Eppure la questione non si può ridurre al fatto che l’insegnante assuma atteggiamenti autoritarie aumenti le insufficienze e che si torni a bocciare, come qualcuno non smette di dire da tempo. Mi sembra che questa sia la scorciatoia della cultura di destra vecchio stile, quella basata sulla disciplina, che vorrebbe risolvere i problemi creati dalla ‘nuova’ cultura di destra, quella basata sul controllo dell’immaginario.
Un’educazione democratica, e realmente di sinistra, dovrebbe pensare altrimenti. Ascolto, comprensione, accoglienza sono le cose che i ragazzi chiedono insieme al rigore, alla precisione e alla cura di cui hanno bisogno, anche quando sembrerebbero rifiutarle, ma che riconoscono e apprezzano quando le trovano.

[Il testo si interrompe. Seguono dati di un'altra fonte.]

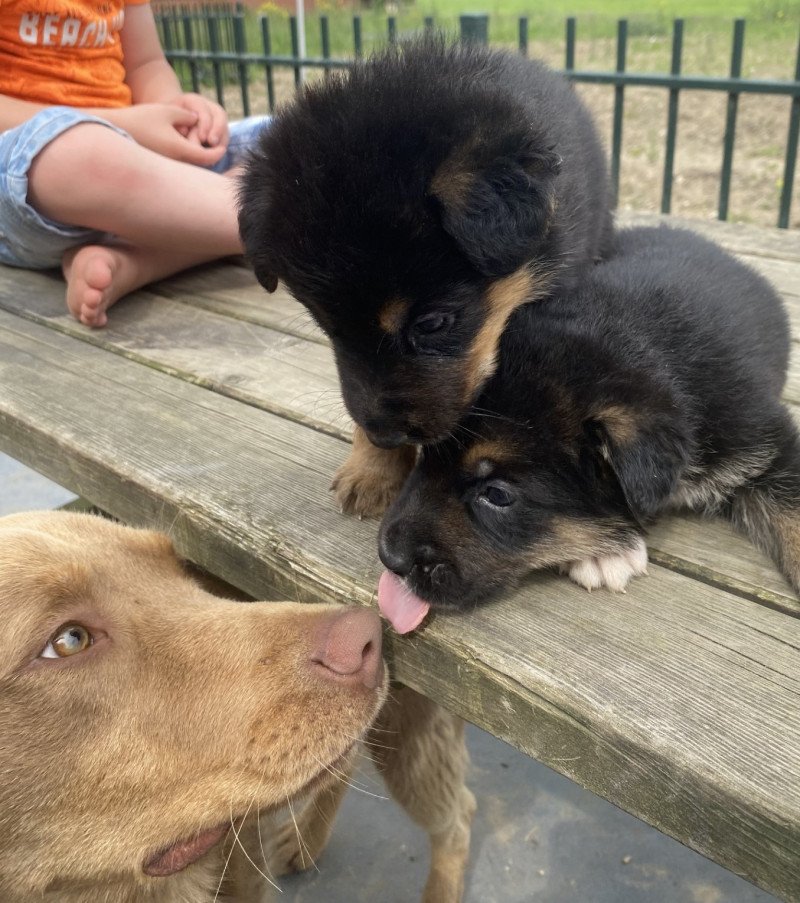 Enthousiaste lieve Labrador/australische herder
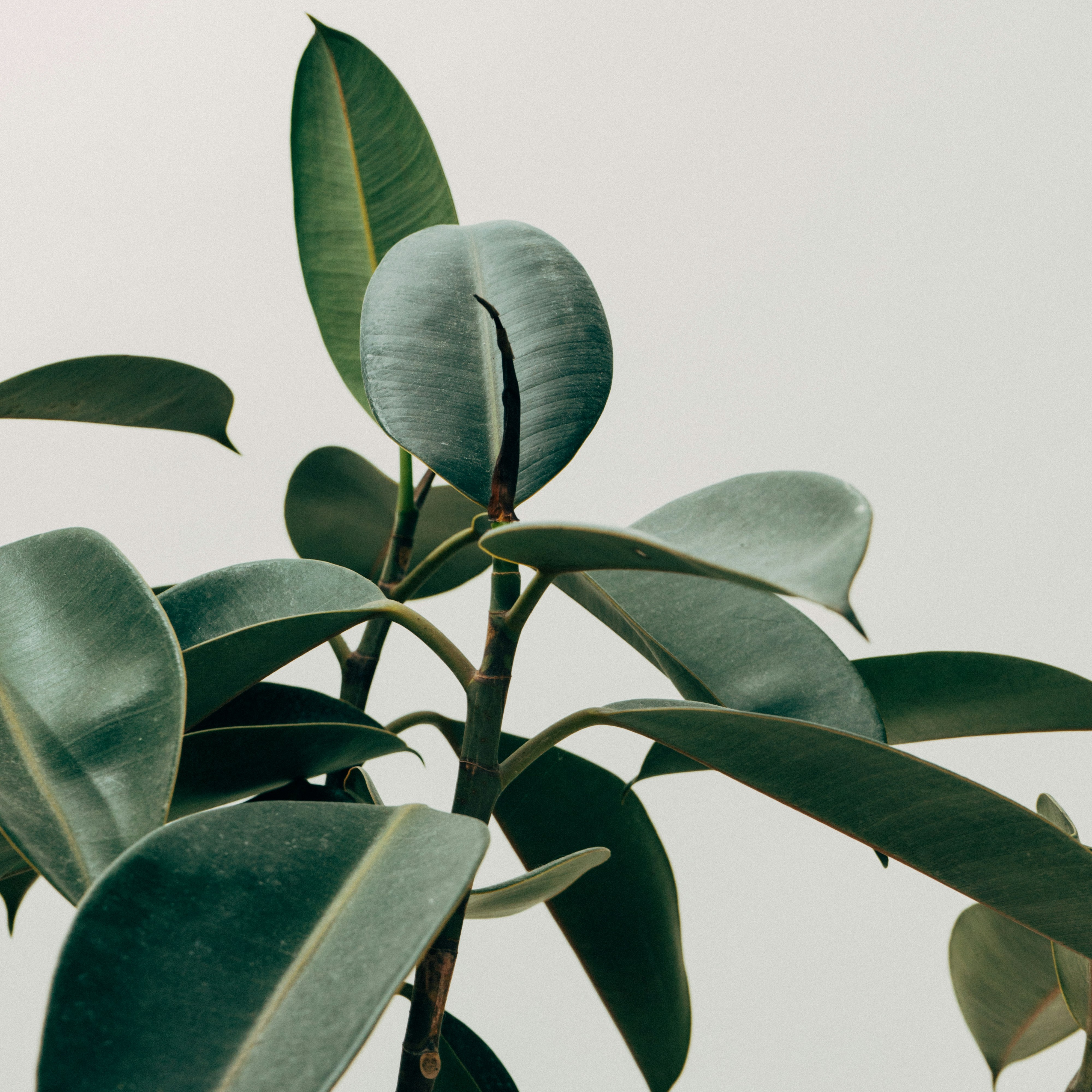 Weekly Newsletter + Blog thumbnail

Che fare, dunque? Un suggerimento a caso, tra i tanti: già settant’anni fa Marc Bloch, uno dei più grandi storici del secolo, poco prima di morire fucilato dai nazisti pensava ai tratti essenziali di una riforma scolastica per la democrazia del futuro: investire economicamente sull’insegnamento, in stipendi e risorse; migliorare biblioteche e risorse per specialisti e a livello di base; migliorare gli edifici scolastici dal punto di vista della sicurezza e della vivibilità; fare in modo che gli insegnanti si occupino anche di ricerca e promuovere l’immagine positiva del lavoro intellettuale; eliminare l’idea che il sapere sia addestramento strategico a superare prove. Nel dopoguerra la democratizzazione della scuola sarebbe ripartita da lì. Poi le cose sono andate in un altro modo.
Serve priorità reale alla scuola e ai suoi soggetti. E comunque non basta: se è vero che una rinascita può ripartire dall’insegnamento non si può pensare che la scuola da sola possa contrastare decenni di cultura della crisi.